*** Opening INFORMATION SHOWN ***
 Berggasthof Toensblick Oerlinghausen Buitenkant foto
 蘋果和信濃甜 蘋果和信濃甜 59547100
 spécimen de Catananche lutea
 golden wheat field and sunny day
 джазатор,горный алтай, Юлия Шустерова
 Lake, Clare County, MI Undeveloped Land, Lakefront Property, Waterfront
*** Closing INFORMATION SHOWN ***
*** Opening INFORMATION SHOWN ***
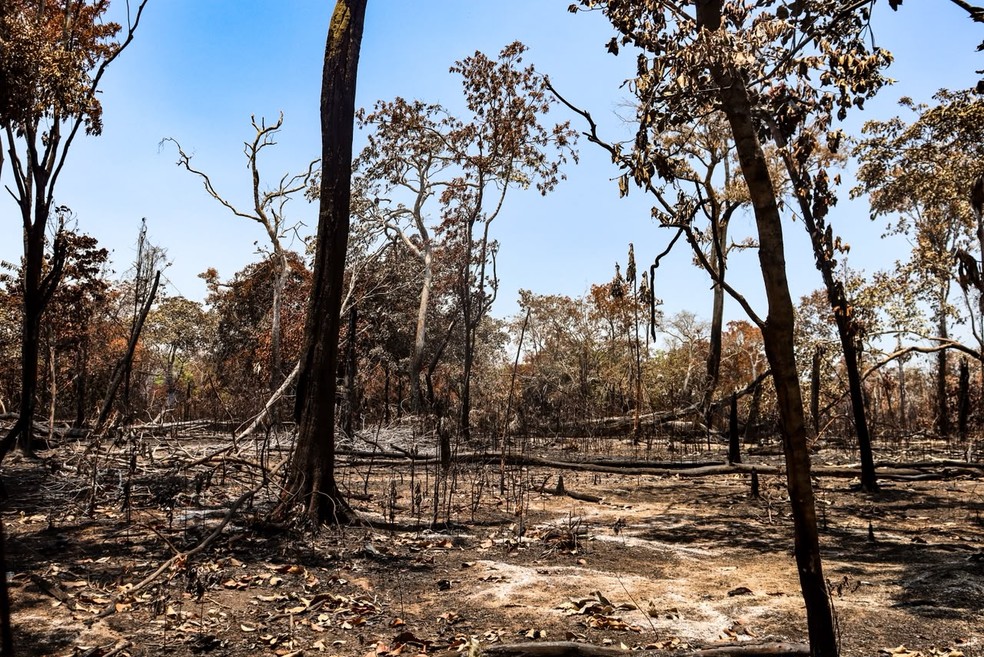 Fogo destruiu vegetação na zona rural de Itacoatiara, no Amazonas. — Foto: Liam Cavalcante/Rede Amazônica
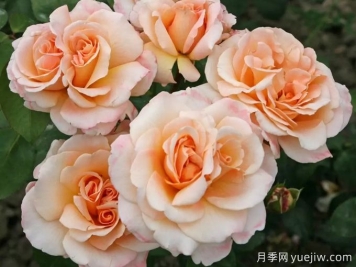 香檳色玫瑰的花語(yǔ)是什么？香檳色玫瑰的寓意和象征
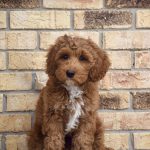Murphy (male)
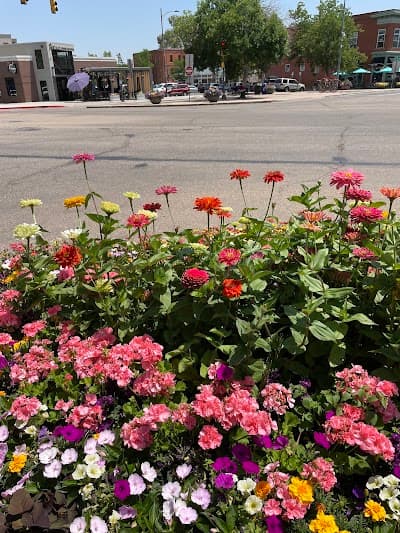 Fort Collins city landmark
*** Closing INFORMATION SHOWN ***
*** Opening INFORMATION SHOWN ***
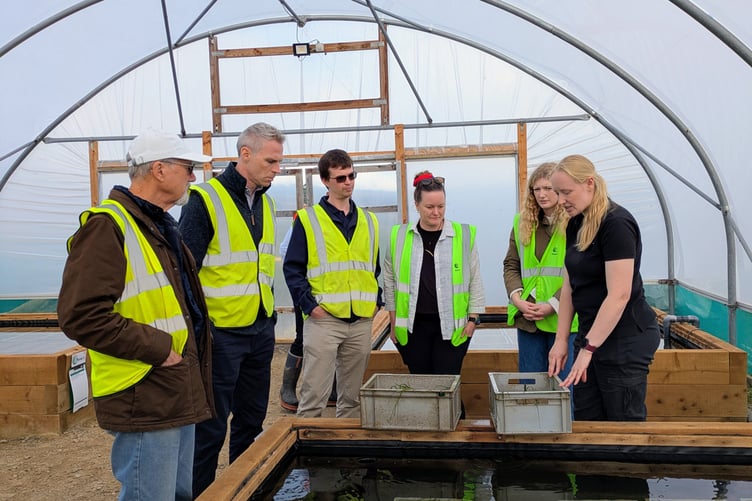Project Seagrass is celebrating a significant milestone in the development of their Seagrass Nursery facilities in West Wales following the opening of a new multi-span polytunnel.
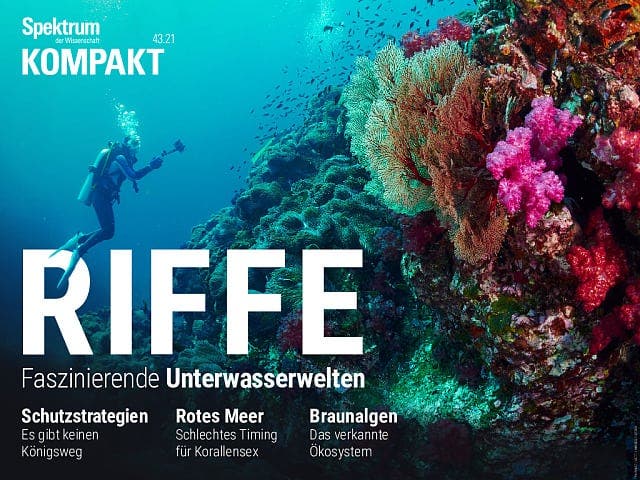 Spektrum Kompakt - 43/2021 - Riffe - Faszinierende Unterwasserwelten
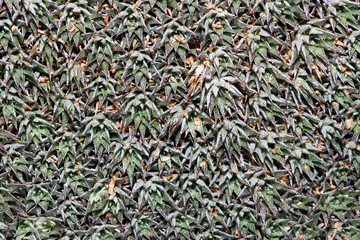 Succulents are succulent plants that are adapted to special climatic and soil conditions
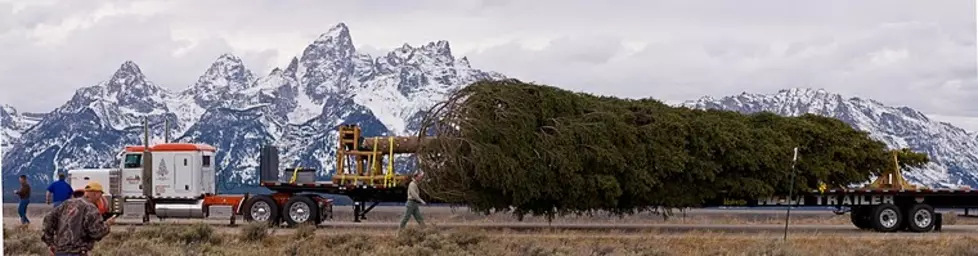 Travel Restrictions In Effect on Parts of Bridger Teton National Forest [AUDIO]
*** Closing INFORMATION SHOWN ***
- [PROBLEM DETAILS]: Repeat the entries above verbatim, but only from the line that has "spécimen de Catananche lutea" down to the line that has "Lake, Clare County, MI", inclusive.

- [WRITTEN ANSWER]:
 spécimen de Catananche lutea
 golden wheat field and sunny day
 джазатор,горный алтай, Юлия Шустерова
 Lake, Clare County, MI Undeveloped Land, Lakefront Property, Waterfront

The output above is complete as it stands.